Is the function convex?

Question

Let's have the following function $f:\mathbb{R}^{2}\to\mathbb{R}$ defined by $|x+y|$, is it convex? We have $\lambda\in (0,1),x,y\in$ dom$(f)$, so $|\lambda x+(1-\lambda)y|\le \lambda |x| + (1-\lambda)|y|$. It means the function is convex according to the definition of a convex function. Is it correct?

Answer 1

The function is convex, but your reasoning is a bit off (or at least a bit too terse, in my opinion).

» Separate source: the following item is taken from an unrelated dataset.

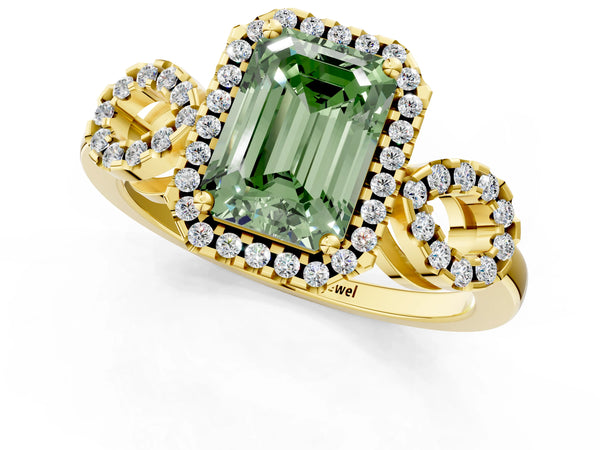 Yellow Gold Emerald Cut Pave Infinity Halo Engagement Ring Setting for Fancy Green Center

Remember, the elements of the domain of $f$ are pairs $(x,y) \in \mathbb R^2$. You need to show that for $(x,y), (z,w) \in \mathbb R^2$, you have $$f(\lambda \cdot (x,y) + (1-\lambda)\cdot (z,w)) \le \lambda f(x,y) + (1-\lambda)f(z,w).$$ In this case, we see \begin{align*} f(\lambda \cdot (x,y) + (1-\lambda)\cdot (z,w)) &= f(\lambda x + (1-\lambda)z, \lambda y + (1-\lambda)w) \\ &= \lvert \lambda x + (1-\lambda)z + \lambda y + (1-\lambda)w \rvert\\ &= \lvert \lambda(x+y) + (1-\lambda)(z+w)\rvert\\ &\le \lambda\lvert x+y \rvert + (1-\lambda) \lvert z+w \rvert \\ & = \lambda f(x,y) + (1-\lambda)f(z,w) \end{align*} which shows that $f$ is indeed convex.

Answer 2

Since $|tx+(1-t)y| \le t|x|+(1-t)|y|$ for $t \in [0,1]$ we see that $a(z)=|z|$ is convex.

The map $S((x,y)) = x+y$ is linear and a convex function composed with a linear one is convex.